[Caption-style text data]

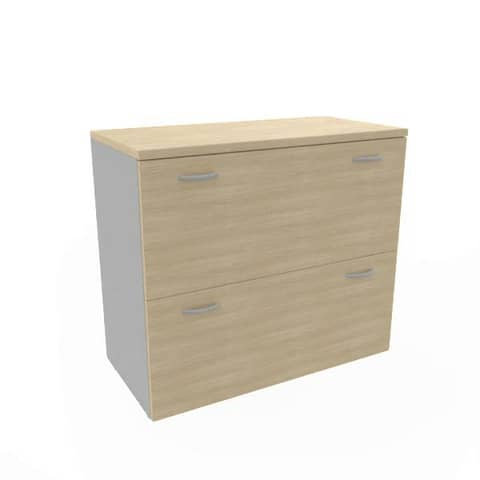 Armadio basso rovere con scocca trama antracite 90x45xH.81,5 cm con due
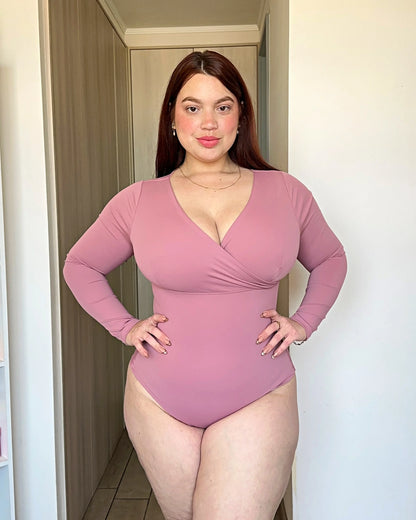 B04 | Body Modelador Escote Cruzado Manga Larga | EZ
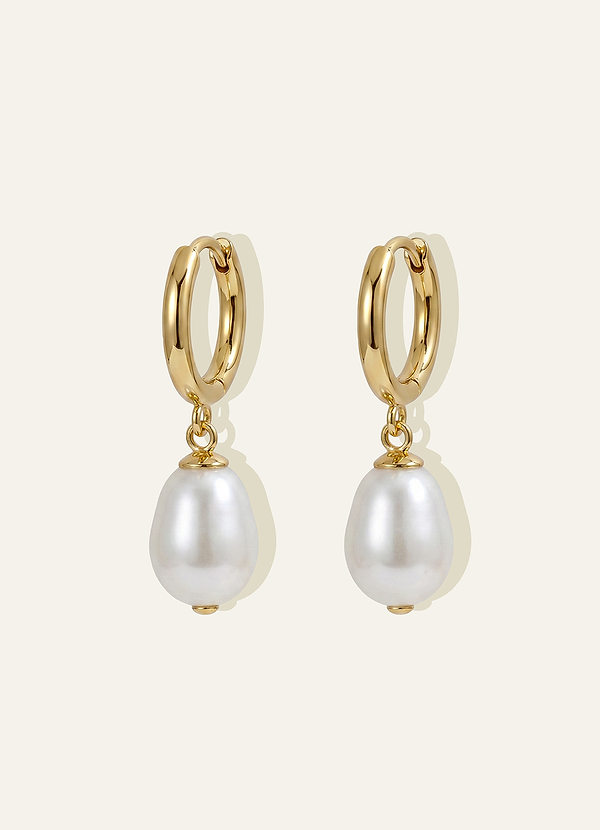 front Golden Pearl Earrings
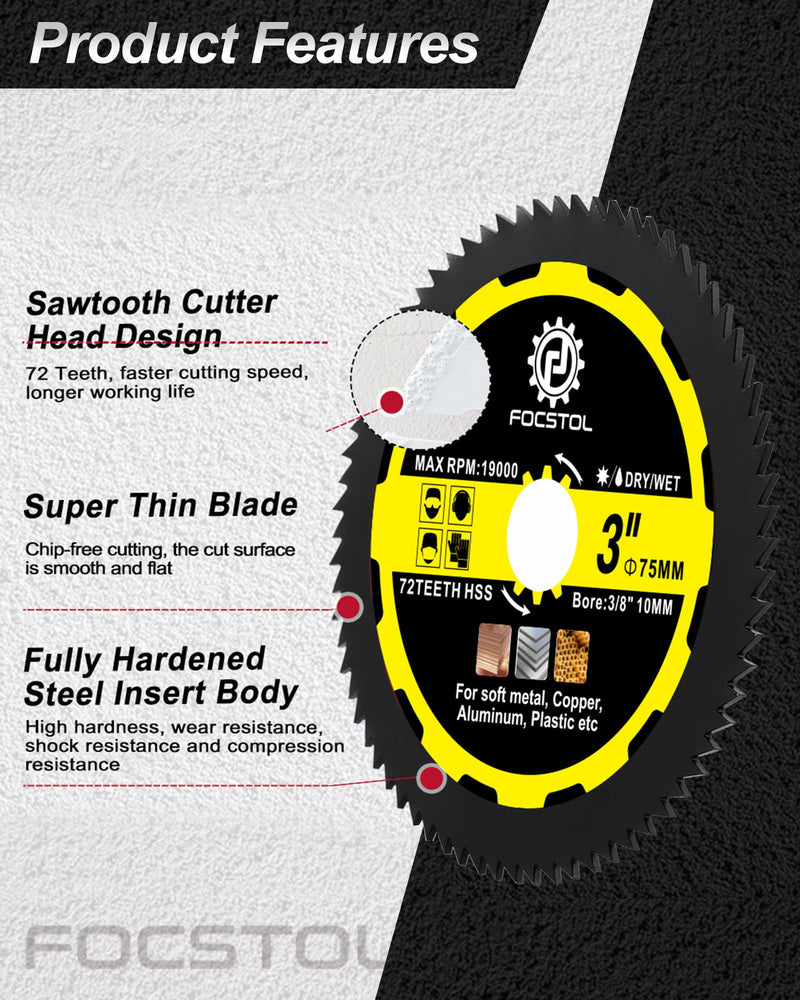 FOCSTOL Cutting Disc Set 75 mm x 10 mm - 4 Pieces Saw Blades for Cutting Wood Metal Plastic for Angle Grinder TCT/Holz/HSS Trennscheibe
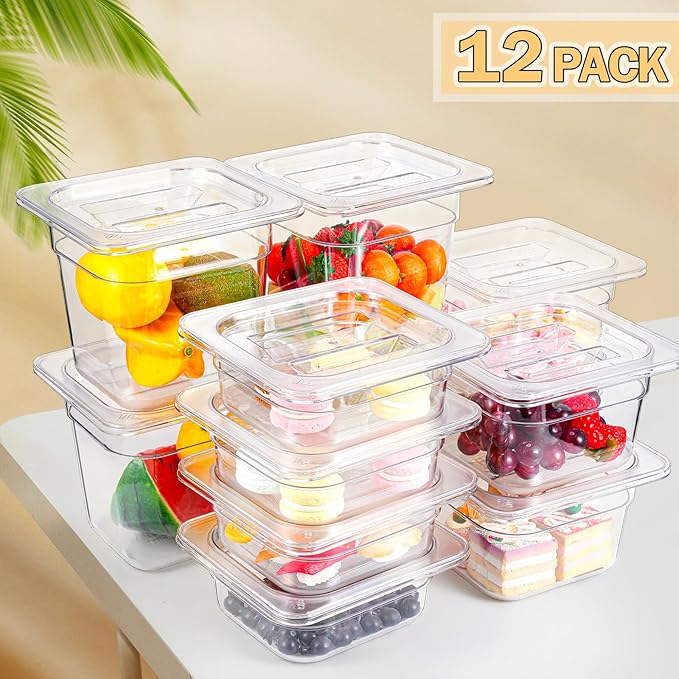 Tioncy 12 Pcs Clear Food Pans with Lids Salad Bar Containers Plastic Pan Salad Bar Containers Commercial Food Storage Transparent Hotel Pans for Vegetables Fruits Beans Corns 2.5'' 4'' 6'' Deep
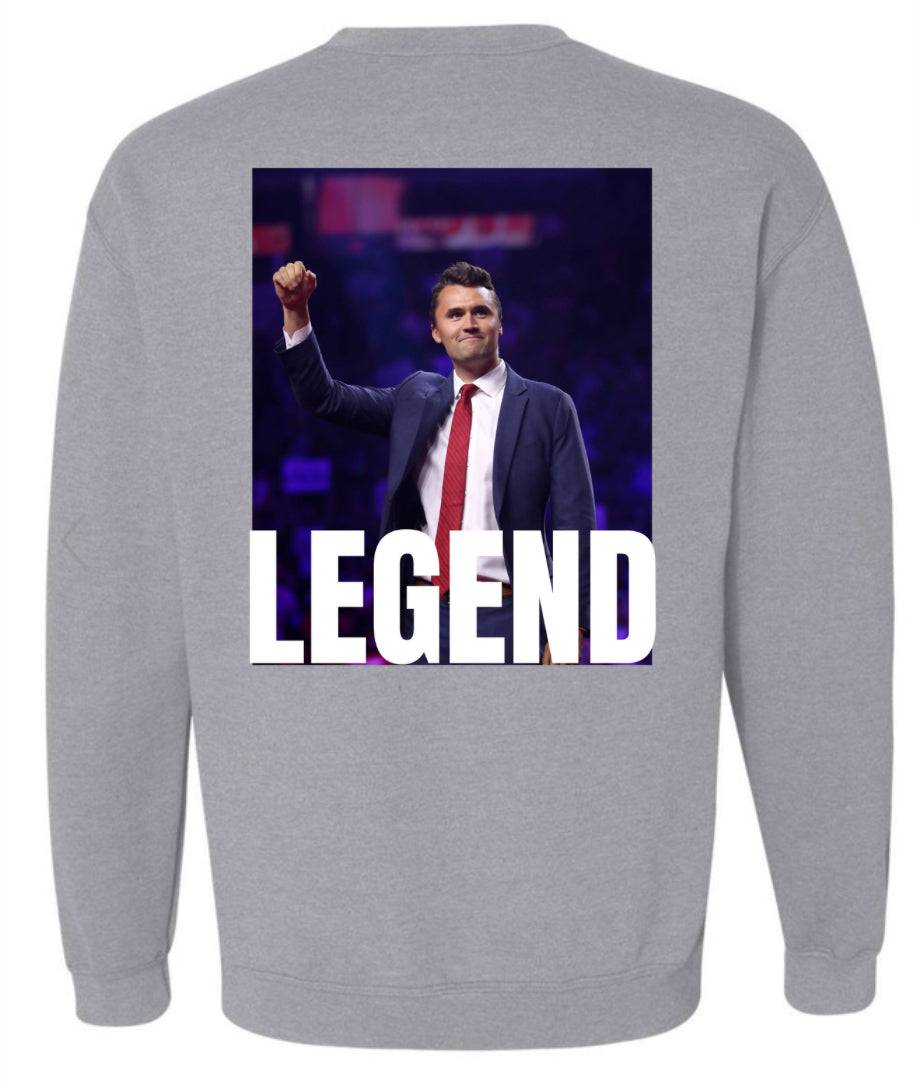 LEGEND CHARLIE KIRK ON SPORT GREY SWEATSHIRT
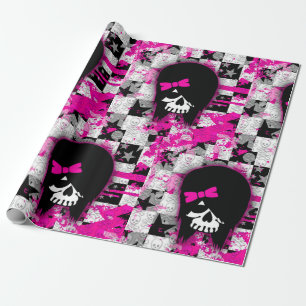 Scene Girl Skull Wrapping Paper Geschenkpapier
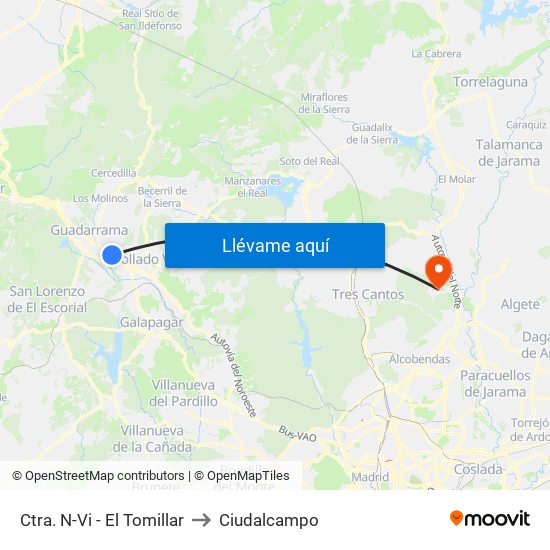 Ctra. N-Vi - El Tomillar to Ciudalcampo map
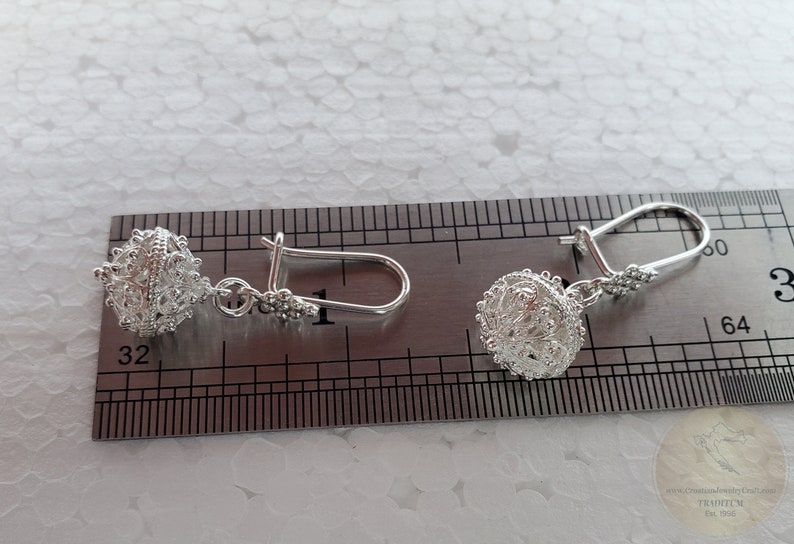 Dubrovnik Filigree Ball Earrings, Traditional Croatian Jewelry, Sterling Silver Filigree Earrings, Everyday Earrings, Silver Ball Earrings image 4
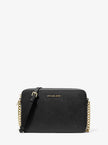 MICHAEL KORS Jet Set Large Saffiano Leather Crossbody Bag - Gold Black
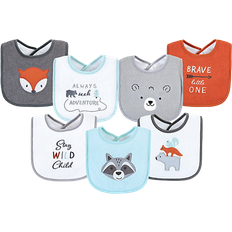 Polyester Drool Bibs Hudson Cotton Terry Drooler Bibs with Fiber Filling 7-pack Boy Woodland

• **What you are asked to do**
Your output is the lines from the top of the entries through the line containing "FOCSTOL Cutting Disc", exactly as they stand. No pictures belong in it.

• **Answer to this task**
 Armadio basso rovere con scocca trama antracite 90x45xH.81,5 cm con due
 B04 | Body Modelador Escote Cruzado Manga Larga | EZ
 front Golden Pearl Earrings
 FOCSTOL Cutting Disc Set 75 mm x 10 mm - 4 Pieces Saw Blades for Cutting Wood Metal Plastic for Angle Grinder TCT/Holz/HSS Trennscheibe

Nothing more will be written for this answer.